(Short web captions)
Start of Block

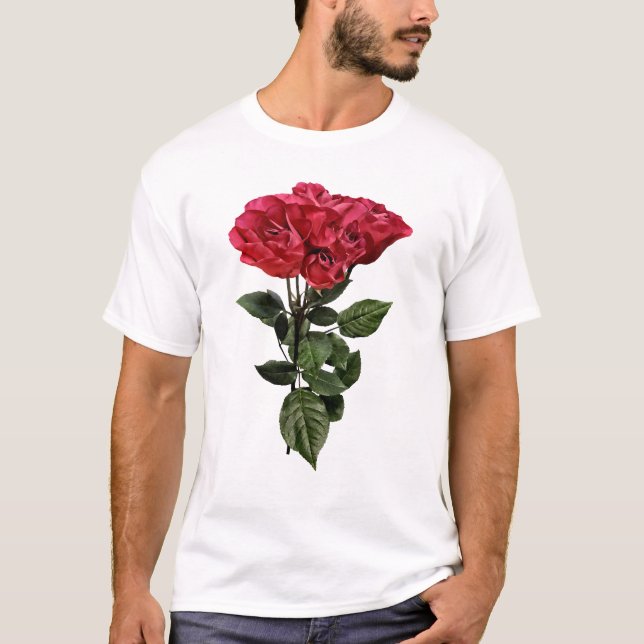 Red Roses and Leaves T-Shirt (Front)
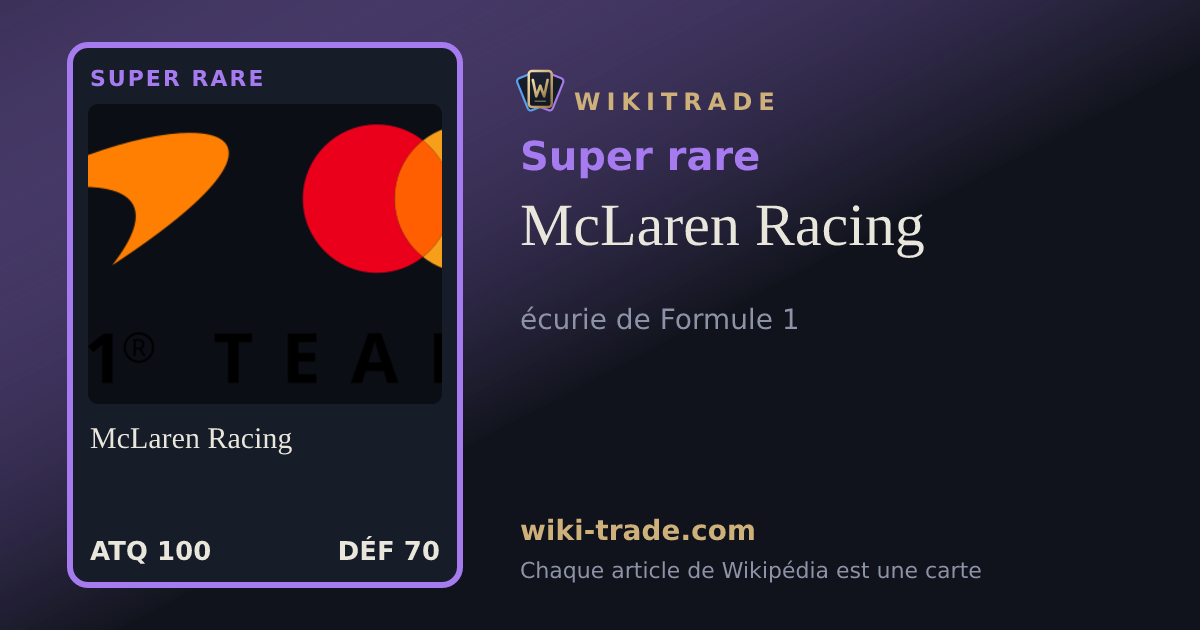 McLaren Racing — carte Super rare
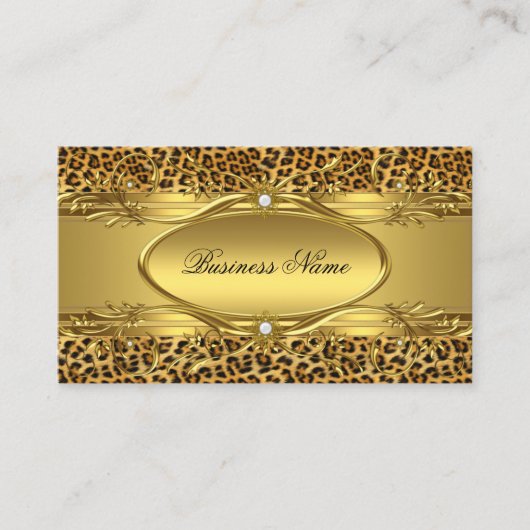 Elegante Gold Leopard print Visitekaartje (Voorkant)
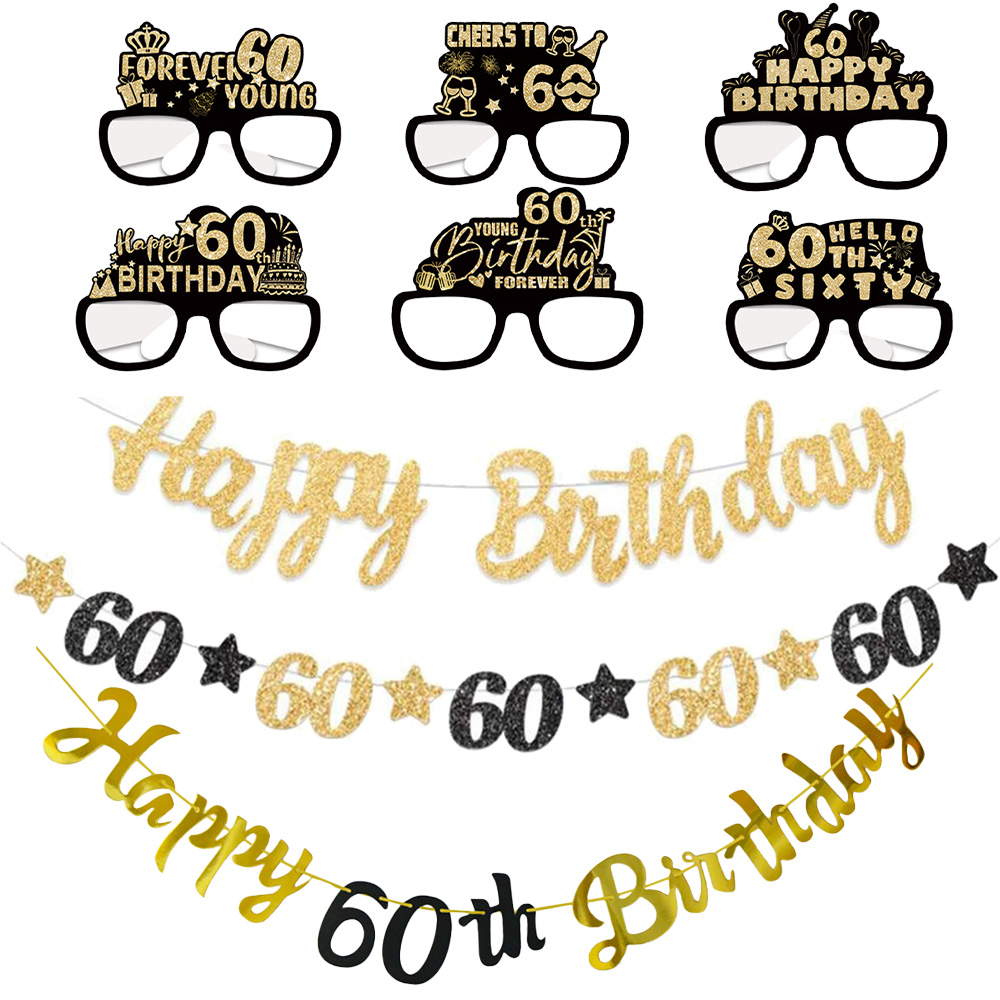 Black and Gold 60th Birthday P - огляд і ціна Party Banner Gold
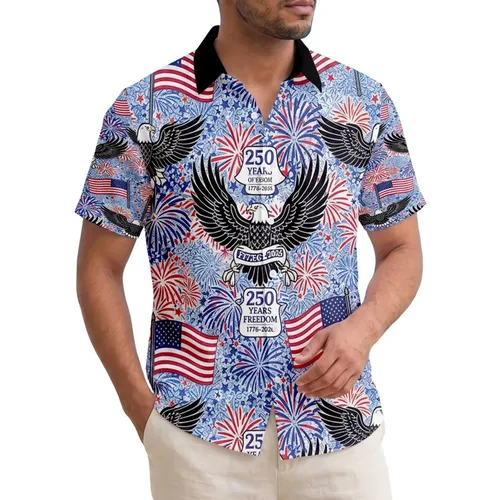 America 250th Anniversary Patriotic Hawaiian Eagle Flag Fireworks Black Crimson White Navy Short-sleeve Hawaiian Shirt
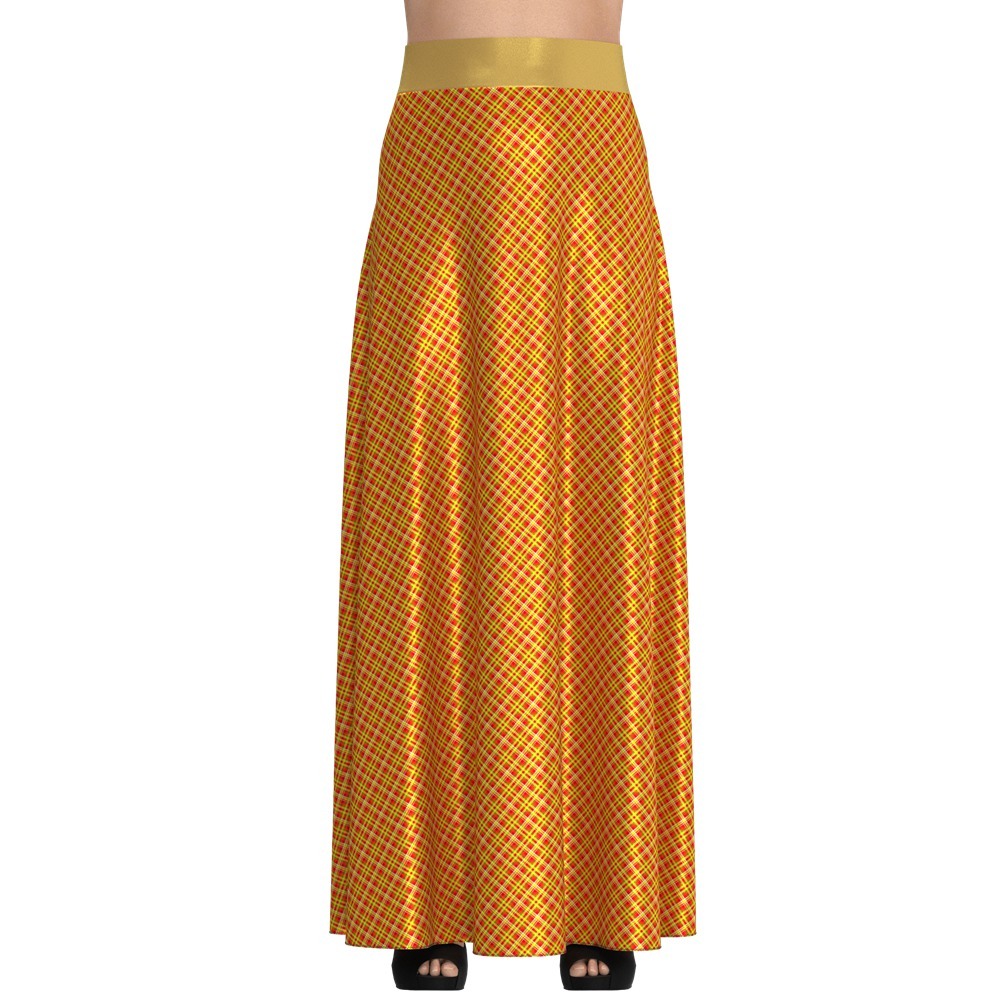 Silk Plaid Maxi Skirt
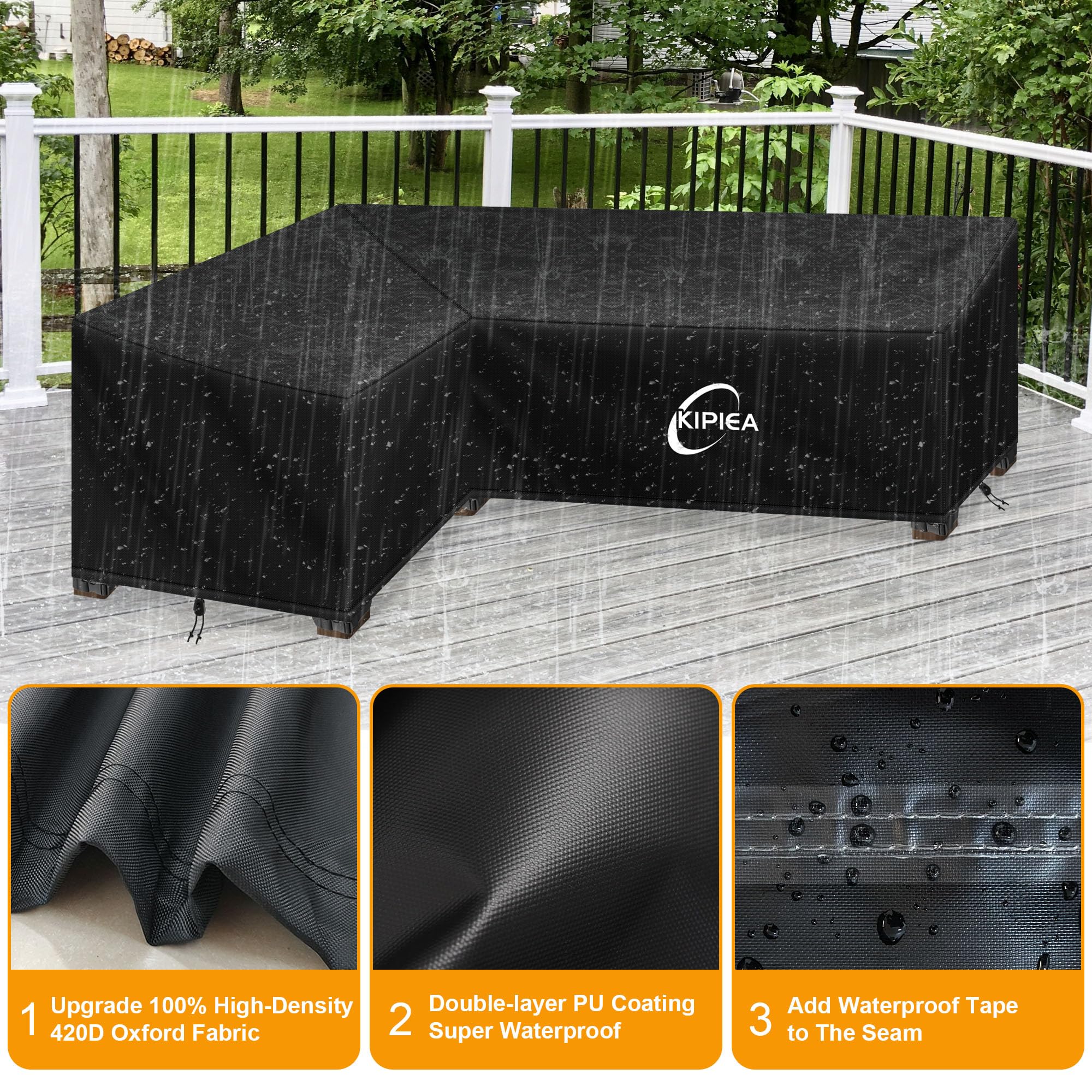 Kipiea Funda para Muebles de Jardín en Forma de L, Fundas Sofá Jardin Exterior Impermeable, 420D Tela Oxford Funda Protectora Sofá Exterior en L, Resistente al Viento, Anti-UV (224x288x85x78/61cm)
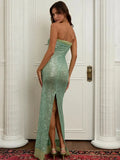 Sequin Strapless Sheer Maxi Dress-Outfit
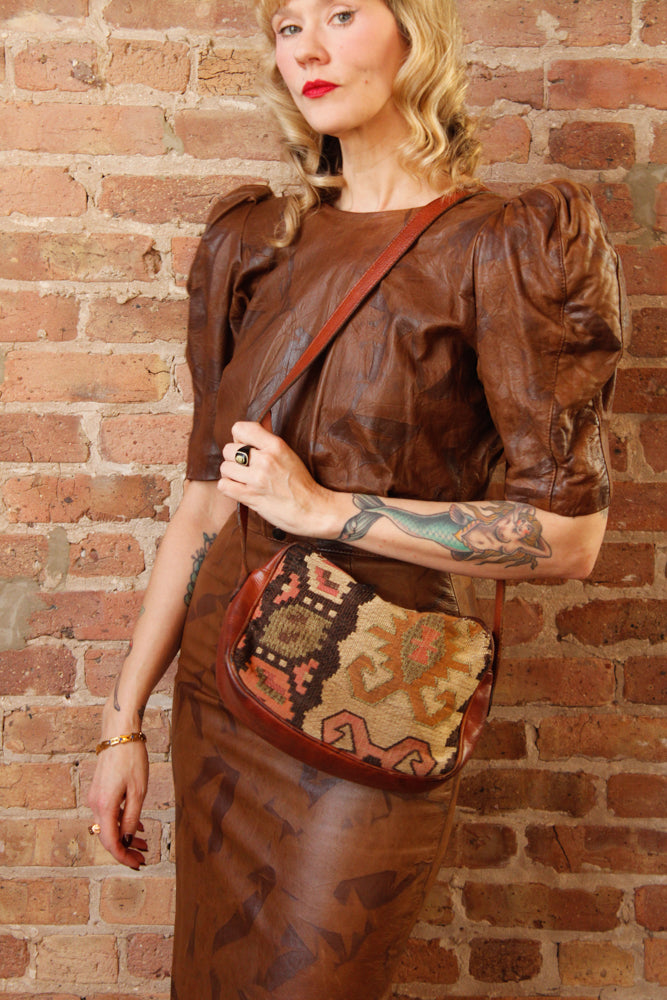 1980s Kiln & Leather Purse 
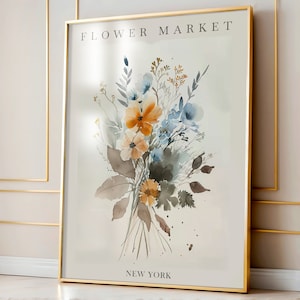 Flower Market New York Print, Flower Market Poster, Wildflower Wall Art, Living Room Print, Bedroom Wall Décor, Modern Floral Art, PRINTABLE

End of Block

▶ AIM OF THE EXERCISE
Verbatim repeat, images removed: give each entry again exactly as it reads.

▶ SOLUTION FOR THIS PROBLEM
 Red Roses and Leaves T-Shirt (Front)
 McLaren Racing — carte Super rare
 Elegante Gold Leopard print Visitekaartje (Voorkant)
 Black and Gold 60th Birthday P - огляд і ціна Party Banner Gold
 America 250th Anniversary Patriotic Hawaiian Eagle Flag Fireworks Black Crimson White Navy Short-sleeve Hawaiian Shirt
 Silk Plaid Maxi Skirt
 Kipiea Funda para Muebles de Jardín en Forma de L, Fundas Sofá Jardin Exterior Impermeable, 420D Tela Oxford Funda Protectora Sofá Exterior en L, Resistente al Viento, Anti-UV (224x288x85x78/61cm)
 Sequin Strapless Sheer Maxi Dress-Outfit
 1980s Kiln & Leather Purse 
 Flower Market New York Print, Flower Market Poster, Wildflower Wall Art, Living Room Print, Bedroom Wall Décor, Modern Floral Art, PRINTABLE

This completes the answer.